When using a screen reader, we have to test the document for several criteria. Does the navigation work? Can we reach the different chapters via the bookmarks? Can we navigate from heading to heading to reach the chapters and subchapters? Can we use the table of contents if we created one? Can we read all the text or is some hidden as part of a graphic? Can we recognise lists and table elements? Do all non-text elements have alternative descriptions so that people with visual disabilities can get information on their content? Does the reading sequence make sense or do the elements seem to appear in a random order? Do all elements have sufficient size and colour contrast? Are the letters of the fonts easy to recognise? Are the text sizes large enough? Does the document have metadata? Do we have a title and a description so that a person can get an idea of what kind of information this document has to offer? Was the language set, so that a screen reader can start reading using the correct voice? What about the author?

Reading a PDF

Let's try it. We are using the document we created before to test it manually. We have opened the document using Acrobat Reader running on Windows. Let's do some basic tests. Can we select and copy and paste text or was the text stored in the form of a graphic? We select text and copy it into Notepad. Looks good.

Do the images have alternative text? If we move the mouse over an image, the alternative text is shown in a small pop-up. This is the text that is spoken by a screen reader.

Can we see bookmarks in the left-hand pane of the window? You might have to open the left-hand pane and select the bookmark icon to see the bookmarks. We see the structure of the document presented in a tree hierarchy. The different levels can be expanded and collapsed. By clicking on a bookmark, we can navigate directly to the relevant chapter or subchapter.

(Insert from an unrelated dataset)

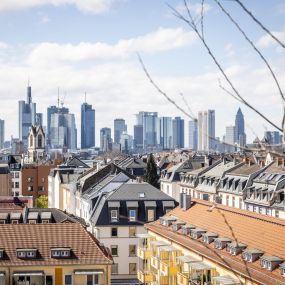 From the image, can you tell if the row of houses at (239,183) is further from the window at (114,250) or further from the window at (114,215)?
the window at (114,250)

When we open the File menu and select the Properties menu item, the Document Properties pop-up will open. Here we can find the meta information of the document: the title, the author, a subject and the keywords. In the lower part of the window, we can check if the document was stored using tagging. This does not indicate that the tags are complete or are used in the correct way, but at least we know that the document offers tagging information. Clicking the Security tab, we can check if the document is password protected. Please note that accessible documents should not use password protection as some screen readers have problems with it. If we activate the Advanced tab, we can see if a language is defined and if it matches the content of the document. If no language is defined, then the screen reader has to guess one and the user might have to switch the document language manually.

We have now tested a range of different accessibility criteria, but we cannot test them all without additional tools or a screen reader. So let's open the NVDA screen reader to start reading the document.

[Screen reader:] Welcome to NVDA dialog Welcome to NVDA! Use Cap..., Auto..., Show..., OK button.

[Narrator:] The NVDA screen reader welcomes us and informs us about the front window of the current application. Let's start reading.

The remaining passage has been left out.